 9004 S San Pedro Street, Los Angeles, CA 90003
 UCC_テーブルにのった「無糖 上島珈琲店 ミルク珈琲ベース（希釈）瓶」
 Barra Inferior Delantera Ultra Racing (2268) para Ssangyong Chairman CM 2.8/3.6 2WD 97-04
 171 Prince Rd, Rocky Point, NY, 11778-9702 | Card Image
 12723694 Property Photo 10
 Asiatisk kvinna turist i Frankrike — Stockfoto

→ YOUR TASK
Give all of the lines above again, exactly as they are.

→ FINISHED TASK
 9004 S San Pedro Street, Los Angeles, CA 90003
 UCC_テーブルにのった「無糖 上島珈琲店 ミルク珈琲ベース（希釈）瓶」
 Barra Inferior Delantera Ultra Racing (2268) para Ssangyong Chairman CM 2.8/3.6 2WD 97-04
 171 Prince Rd, Rocky Point, NY, 11778-9702 | Card Image
 12723694 Property Photo 10
 Asiatisk kvinna turist i Frankrike — Stockfoto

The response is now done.